Não é ajuda financeira o que virá, mas uma prisão que amarra o futuro das próximas gerações aos mandos de Washington a aos organismos financeiros. Para o capital internacional, a reintegração da Venezuela representa a reabertura de uma das maiores reservas energéticas e minerais do planeta sob regras previsíveis para a inversão estrangeira. O levantamento parcial das sanções e a abertura financeira funcionam como incentivos para consolidar essa transformação, enquanto que setores empresariais buscam se adaptar ao novo cenário legitimando a tutela estadunidense.
As recentes reformas legais em matérias de hidrocarbonetos e minerais, aprovadas sob o governo de Delcy Rodríguez, inscrevem-se na lógica de abertura e de entrega. Apresentadas como mecanismos para atrair o capital e reconstruir a economia, constituem passos para a transferência de recursos estratégicos ao capital transnacional, reproduzindo o padrão histórico de dependência extrativista que caracterizou a América Latina desde o século XIX. A experiência histórica demonstra onde vão para os países sob programas de ajustes supervisionados por organismos financeiros internacionais, e isso é o que está sendo imposto na Venezuela.
A consolidação desta rota governamental configura os eixos fundamentais de um regime neocolonial. As decisões econômicas centrais ficam condicionadas por instituições financeiras internacionais, acordos energéticos e compromissos geopolíticos definidos fora do país. Por isso, afirmamos que o governo de Delcy Rodríguez não exerce soberania: administra a vontade de Washington.

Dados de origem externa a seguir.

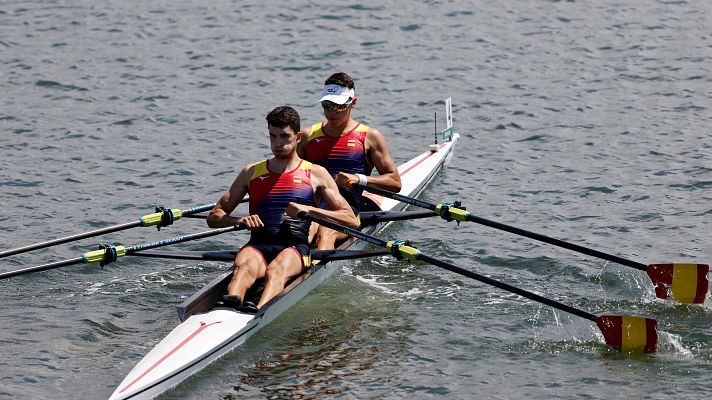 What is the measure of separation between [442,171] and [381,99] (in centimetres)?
415

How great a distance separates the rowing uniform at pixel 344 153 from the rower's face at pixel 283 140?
86.4 inches

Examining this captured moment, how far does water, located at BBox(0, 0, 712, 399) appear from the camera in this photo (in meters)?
11.9

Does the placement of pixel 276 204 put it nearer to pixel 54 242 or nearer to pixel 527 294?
pixel 54 242

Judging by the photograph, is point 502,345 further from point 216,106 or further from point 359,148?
point 216,106

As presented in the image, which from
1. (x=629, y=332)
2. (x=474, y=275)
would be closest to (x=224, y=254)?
(x=474, y=275)

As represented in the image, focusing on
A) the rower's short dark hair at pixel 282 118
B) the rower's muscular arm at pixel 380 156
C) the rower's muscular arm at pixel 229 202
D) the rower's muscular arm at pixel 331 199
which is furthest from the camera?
the rower's muscular arm at pixel 380 156

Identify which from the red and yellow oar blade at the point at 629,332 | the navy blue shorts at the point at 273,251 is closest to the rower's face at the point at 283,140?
the navy blue shorts at the point at 273,251

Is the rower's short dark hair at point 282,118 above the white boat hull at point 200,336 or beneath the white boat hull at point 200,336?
above

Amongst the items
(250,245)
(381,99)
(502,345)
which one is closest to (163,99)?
(381,99)

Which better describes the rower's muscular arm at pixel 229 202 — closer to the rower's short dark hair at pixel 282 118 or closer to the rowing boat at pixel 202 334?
the rowing boat at pixel 202 334

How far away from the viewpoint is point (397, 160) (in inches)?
765

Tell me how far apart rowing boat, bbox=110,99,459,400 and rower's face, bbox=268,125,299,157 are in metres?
1.37

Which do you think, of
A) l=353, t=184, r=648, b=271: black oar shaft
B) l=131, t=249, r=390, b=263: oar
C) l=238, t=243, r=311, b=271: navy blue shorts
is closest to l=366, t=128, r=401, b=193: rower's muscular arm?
l=353, t=184, r=648, b=271: black oar shaft

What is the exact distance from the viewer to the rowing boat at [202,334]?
10.7 meters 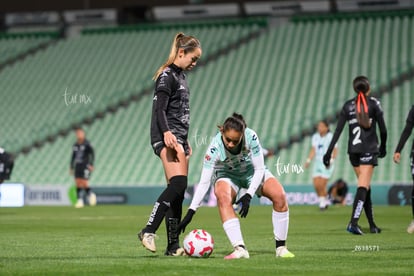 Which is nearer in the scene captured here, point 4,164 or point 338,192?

O FMI é um inimigo histórico da classe trabalhadora e deve ser rechaçado
O retorno da Venezuela ao FMI e ao Banco Mundial não é o anuncio de uma saída progressiva da crise, mas um plano para reorganizar o país sob um novo pacto de subordinação internacional. Frente à esta situação, trata-se de enfrentar um modelo de entrega da soberania, e construir, desde baixo, a capacidade de se opor à nova fase de dominação imperialista que se consolida sobre a Venezuela.
A questão decisiva é a resposta da classe trabalhadora e dos setores populares. A única saída progressiva passa por rechaçar a tutela do FMI e do Banco Mundial, defender os recursos naturais sob controle dos trabalhadores, rechaçar o endividamento externo, e construir uma política independente dos trabalhadores, com um programa anti imperialista e anticapitalista.
Frente ao regime neocolonial e o protetorado, a classe trabalhadora deve levantar a bandeira da luta de classes frente à guerra que nos é declarada. Frente à entrega nacional, só a mobilização e a auto organização dos trabalhadores pode oferecer uma saída que não seja a submissão total ao capital financeiro internacional. Fora imperialismo yankee da Venezuela! Não ao FMI! Abaixo os planos e as leis de entrega de Delcy Rodríguez!